Professor Welby Ings says he wasn’t hungry for knowledge until he was in his late thirties. After being expelled from secondary school, thrown out of teacher's college and dropping out of university after one year, he didn't think he would ever become an academic.
It so happened that Welby was the first in New Zealand to gain his Doctor of Philosophy by creative practice at AUT in 2006.
Welby now holds a professorship at AUT's School of Art & Design, and says the most important thing to him in his role is teaching, and research.
He says he does not believe in a single way of understanding knowledge.
"I couldn't read or write until I was 14, so I was treated as 'dumb' in school. I see it has happened to a lot of students as well and my research is driven by trying to make sure that doesn't happen while providing a space where they are able to recover from it."
An important aspect of Welby’s teaching is his belief that those who are researched must be able to understand the finished product.
“I think it’s a kind of theft to take people's stories and then shape them into something so academic that not everyone can understand.
“It’s our job as academics not just to accumulate knowledge, but to shape it so people can understand and use it. That’s why my teaching and research are so closely linked, because they both focus on the same idea: clarity and beauty of thought is what a scholar gives back to society.”
Welby has found that indigenous cultures offer profound insights into knowledge. This is partly because, he says, for many of them knowledge has a spirit.
“Since the Enlightenment, the West has stripped the spirit off knowledge and are only now discovering that wasn’t such a smart thing to do. But when you look at Pacific and Māori cultures they understand that there are dimensions to knowing that reaches far beyond the explicit.”
Welby’s says his job is to make sure Pacific knowledge and contributions aren’t sitting in an isolated little pocket and being treated as an added extra.
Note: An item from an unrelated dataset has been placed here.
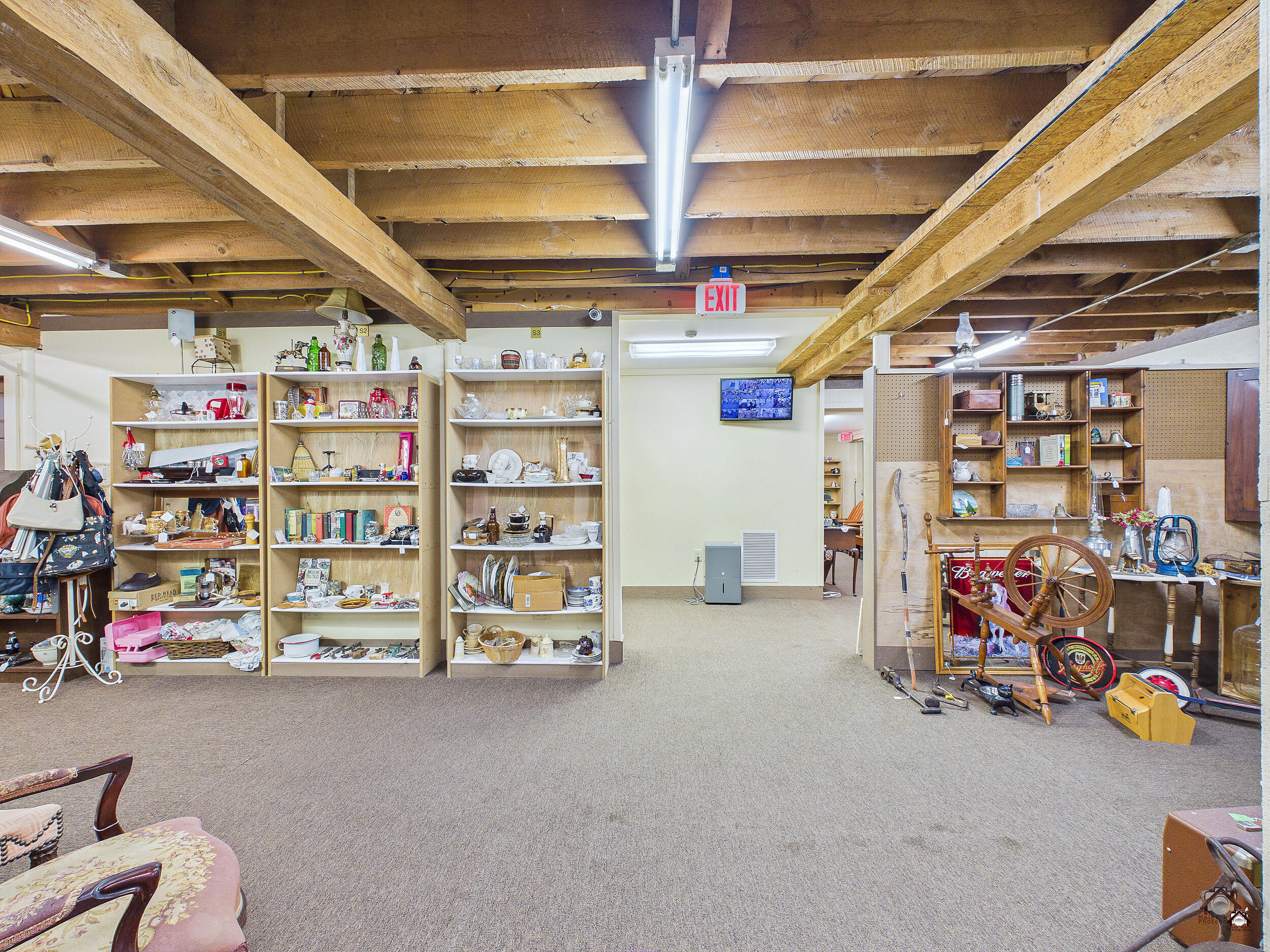 main property photo 74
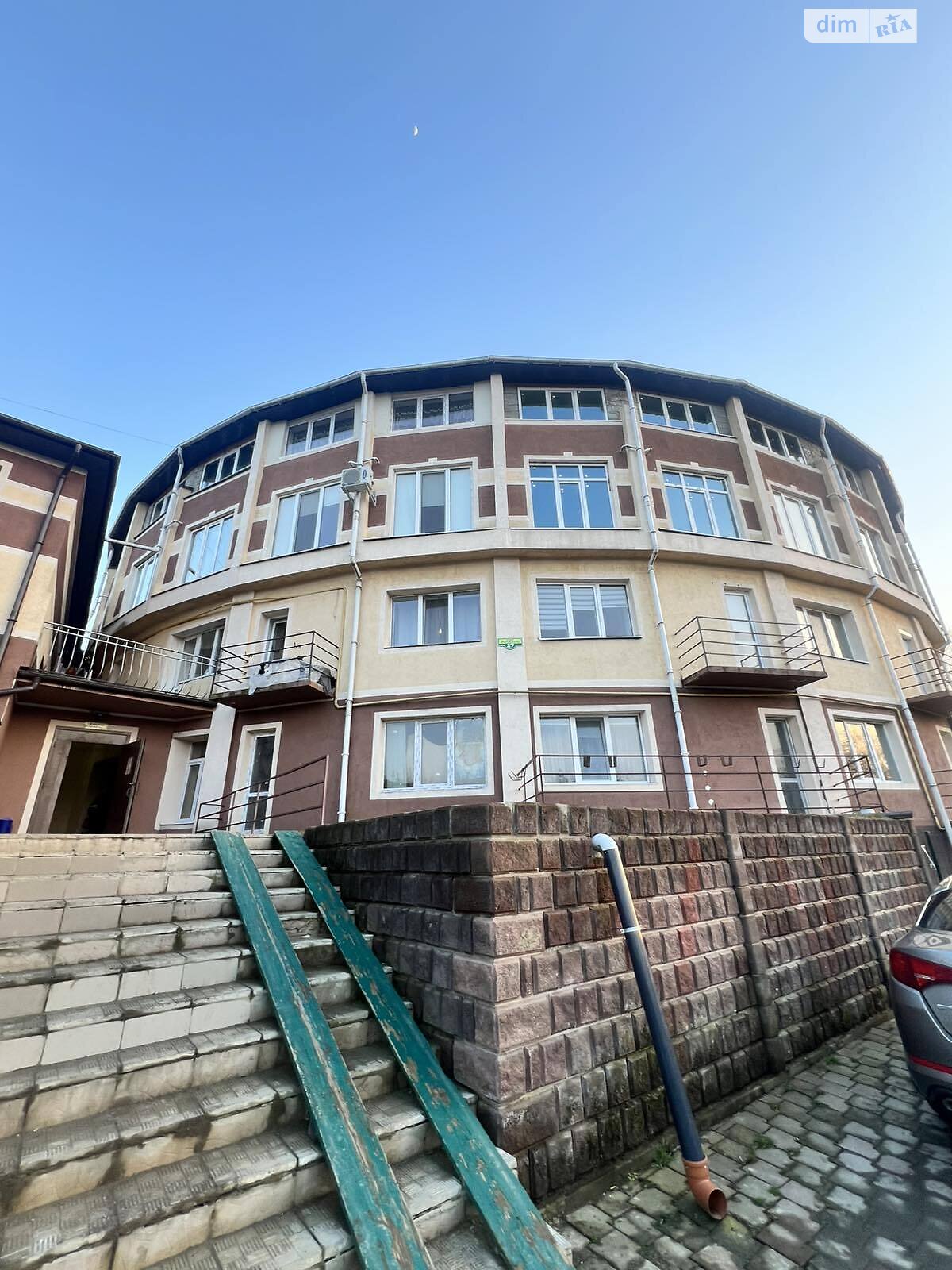 Продаж двокімнатної квартири в Рівному, на вул. Драгоманова 27, район Центр фото 1 Продаж двокімнатної квартири в Рівному, на вул. Драгоманова 27, район Центр фото 1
"My research will always have examples of a Pacific student's work because we can often turn people who are not western into the 'other' and this is problematic."
He believes Pacific ways of knowing and understanding belong in the world’s most prominent journals, exhibitions and conferences.
“The focus of my research is on opening doors. Whether that’s by supervising PhD's or using examples in journal articles, my final aim is to move this knowledge from the edge into the centre.”